Metaphors for a Minister of the Word
No one really desired to be a shepherd. It was hard, lonely, dirty, and lowly work. Shepherds had no fanfare and received no accolades from the masses. But shepherds had one driving duty: to care for the sheep that were entrusted to their care. Predators could lurk and swiftly attack so shepherds had to be vigilant to be with and watch over the helpless sheep. Shepherds had to provide still, quiet waters for the sheep to drink without harm from without or conflict from within the fold.
The noblest of all callings that God could give to a man is to be a carer of the souls whom Christ has purchased with His own blood. To feed God’s people the Word, to shepherd God’s people through the journeys and trials of life, to counsel God’s people through unforeseen and painful heartaches, to protect God’s people from dangerous doctrines and teachers, to remind God’s people of the unchanging gospel and the sure-reality of heaven are just a few of the immense privileges that God places upon a pastor. But how does the Bible describe a pastor? What are some of the figures of speech that the Spirit of God employs to describe this calling? This essay will bring forth seven metaphors that speak of the minister of the gospel and his work.
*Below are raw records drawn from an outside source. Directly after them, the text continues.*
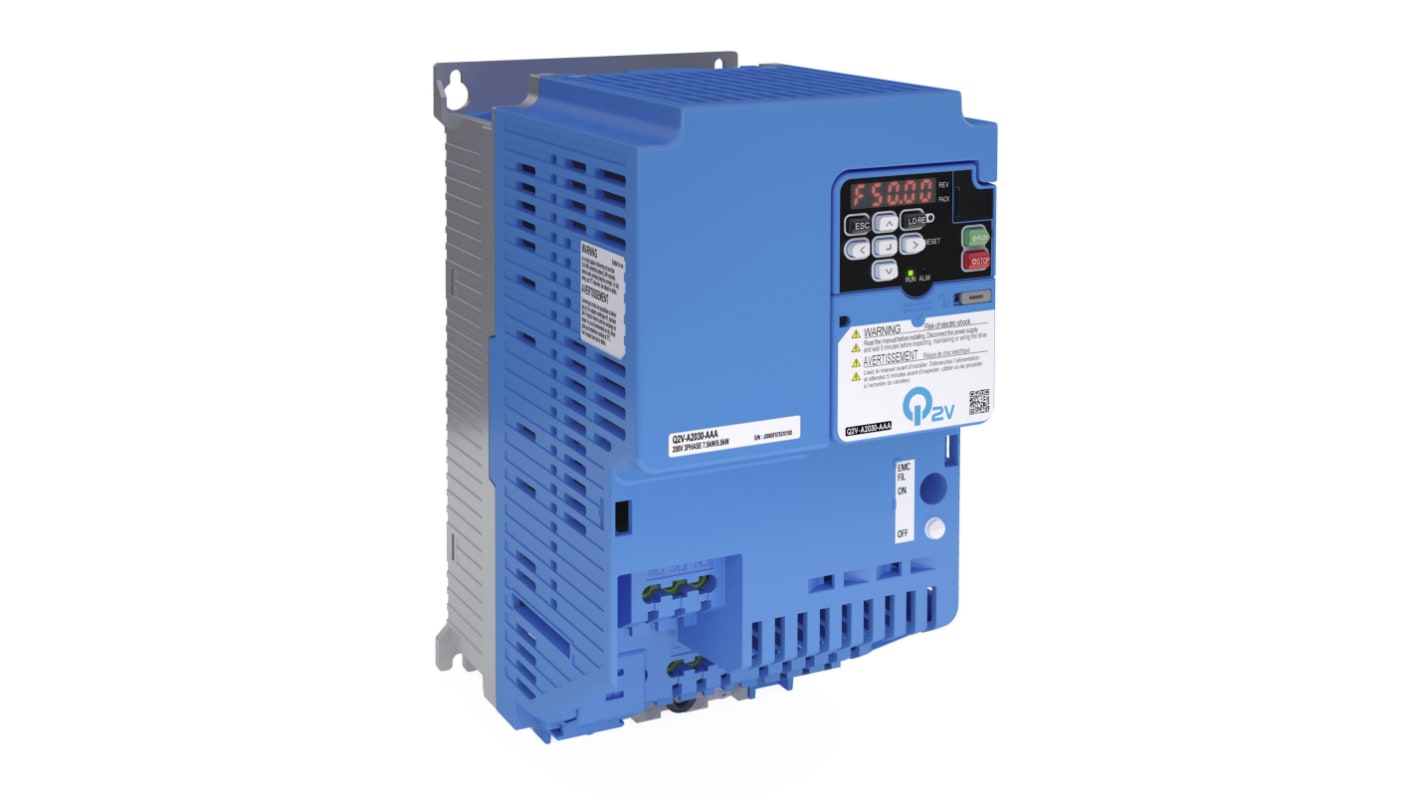 Omron Q2V, 3-Phasen Frequenzumrichter 15 kW, 400 V ac / 31 A 590Hz für Wechselstrommotoren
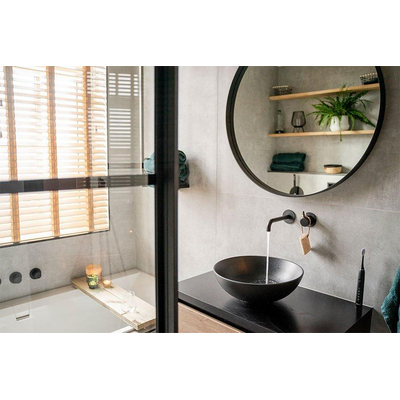 BRAUER Bowl waskom - 40x40cm - rond - keramiek - mat zwart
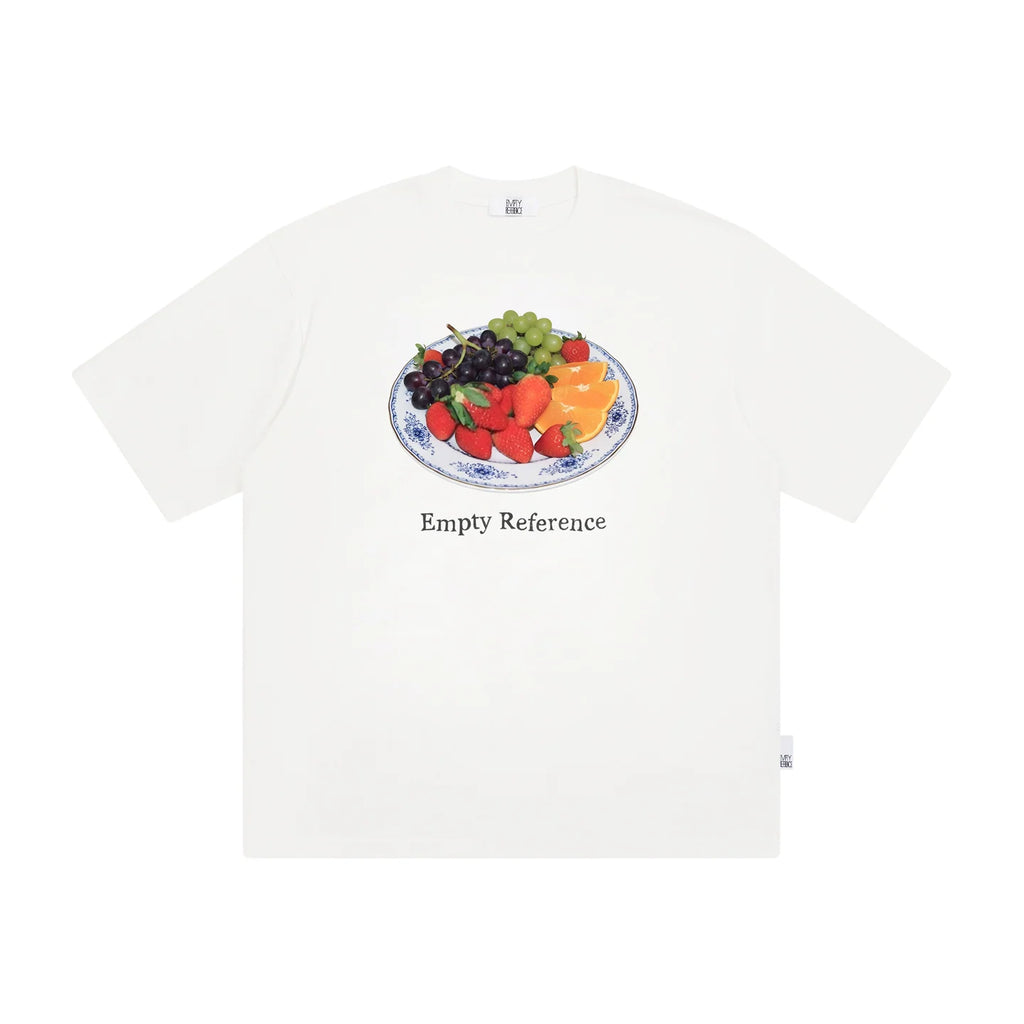 The Fruit Plate Tee - White Snow Fabric with Photorealistic DTG Fruit Print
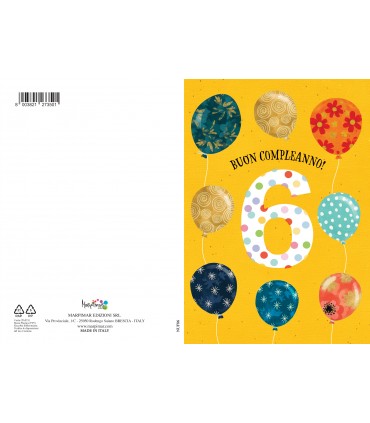 Biglietto Marpimar COMPLEANNO 6 ANNI METAL CON RILIEVO CONF. 6 PZ.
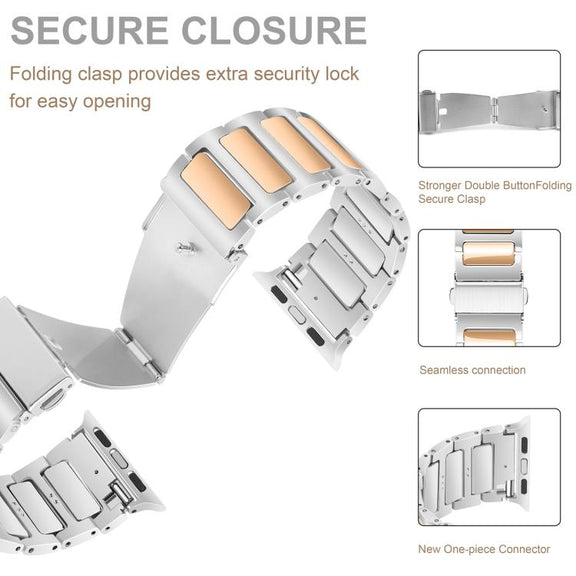 For Apple Watch 46mm / 49mm / 45mm / 44mm Kalebol Tooling Metal Zinc Alloy Watch Band(Silver Rose Gold)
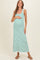 Green Striped Ribbed Sleeveless Maternity Maxi Dress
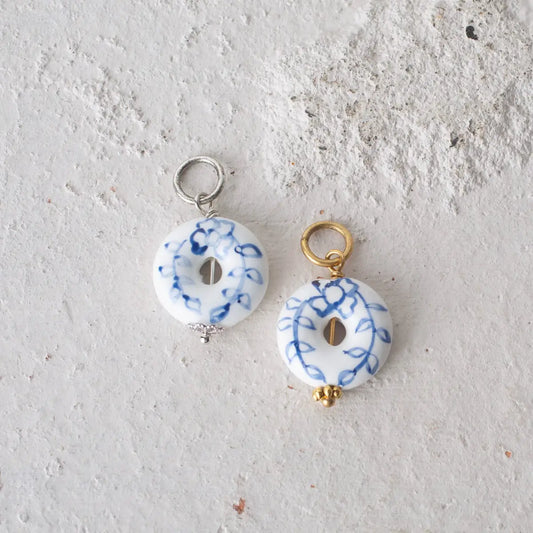 Ceramic Chinoiserie Bead Charm - Puffy Porcelain Ring for Bracelet or Necklace - Antique Silver - Bel Kai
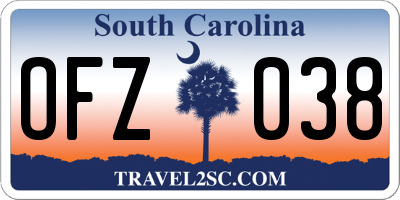 SC license plate OFZ038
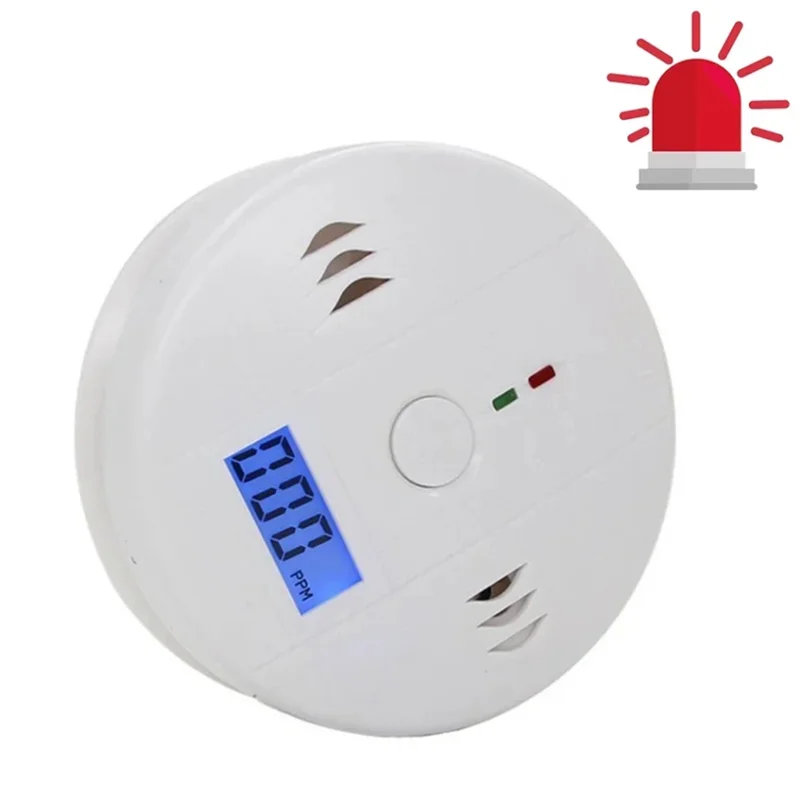Alarma de monóxido de carbono PHILE con pantalla LCD, Detector de fugas de Gas tóxico de advertencia contra incendios para el hogar, Detector de alarma Co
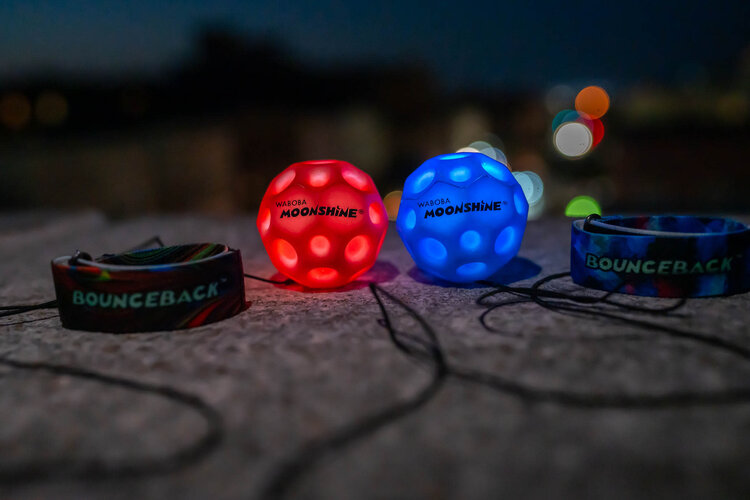 Waboba LED Bounceback Moon Ball on a Leash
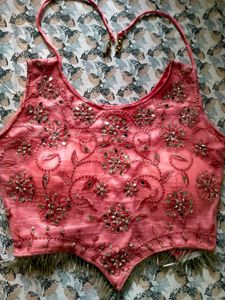 Beaded Mirror Work Pink Lehenga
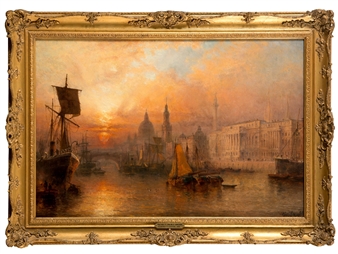 THE POOL OF LONDON AT SUNDOWN - Claude Thomas Stanfield Moore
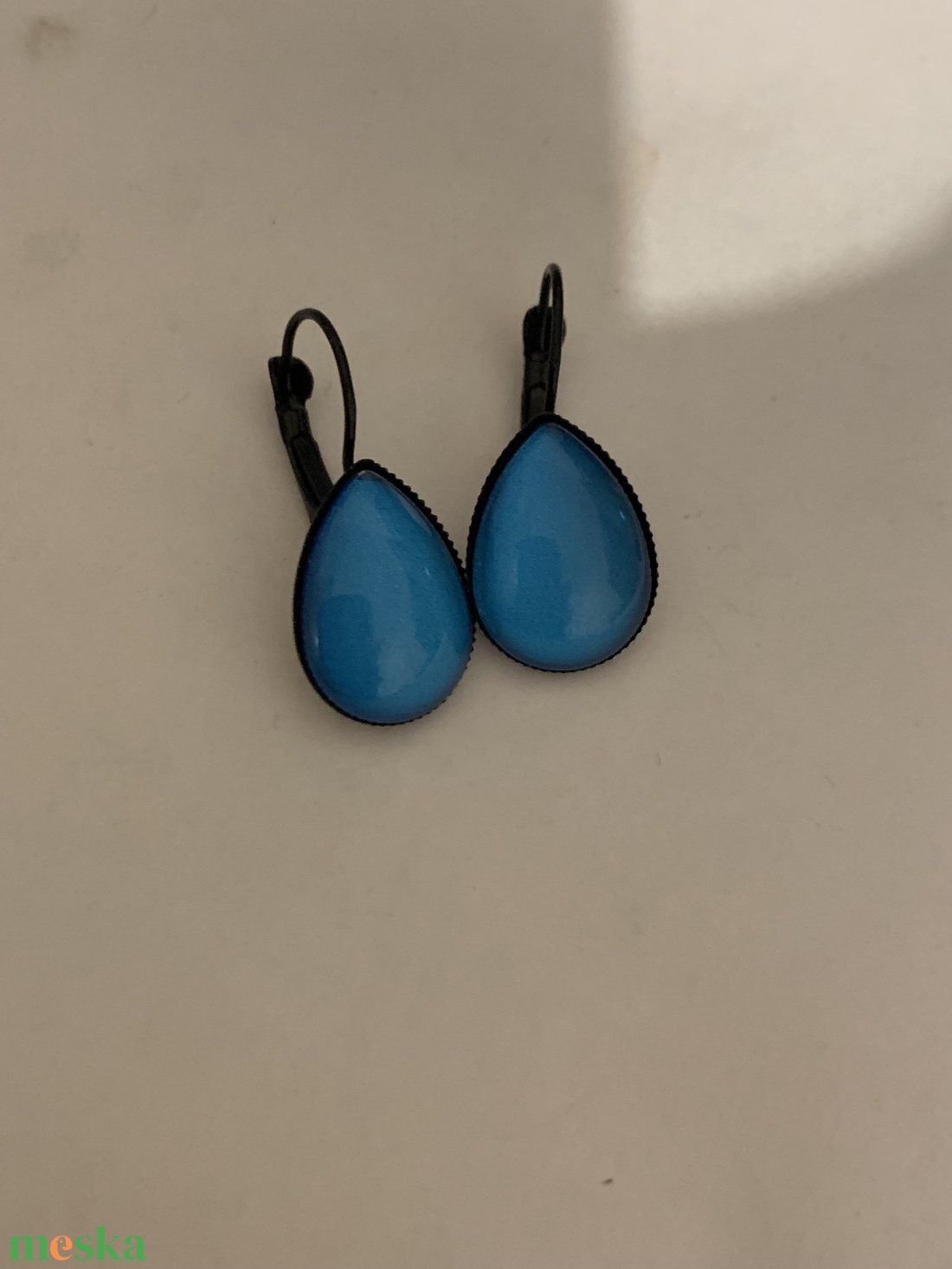 Francia kapcsos fülbevaló  - ékszer - fülbevaló - lógó csepp fülbevaló - Meska.hu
1. Watchman (Ezekiel 33:1-9)
Watchmen are workers. They busy themselves by vigilantly keeping guard to protect the population that they are called to oversee. God told Ezekiel that he was appointed as a watchman for His people so that when he hears a message from God he is to give the people a warning from God. If he receives God’s message but chooses to not warn the people, then he will be guilty as an unfaithful watchman. But if he receives God’s message and does warn the people, then has delivered himself. When danger comes, the watchmen must sound the alarm to protect the citizens. The watchman cannot sleep or be careless; nor can be be indifferent or lazy. He must stay awake, be vigilant, be watchful, and be alert at all times because danger can loom from all fronts — from both far away and from near (even from within at times!). So a pastor must also watch the flock to guard from encroaching danger from the outside and the inside.
2. Workman (2 Tim 2:15)
Workmen exert all their energy to do the required duties to the best of their abilities. Paul commands young, pastor Timothy to be diligent to present himself approved to God as a workman who does not need to be ashamed, accurately handling the word of truth. Consider a soldier who is faithful to please his commanding officer. Consider an athlete who works hard and competes according to the rules. Consider a farmer who works hard to receive his share of the crops. Just as a soldier, an athlete, and a farmer distinguish themselves by their zealous effort and tireless work-ethic, so ministers of the gospel must similarly be workers in the exegesis and expositing of God’s word. All who desire the privilege of shepherd-leadership desire a fine work.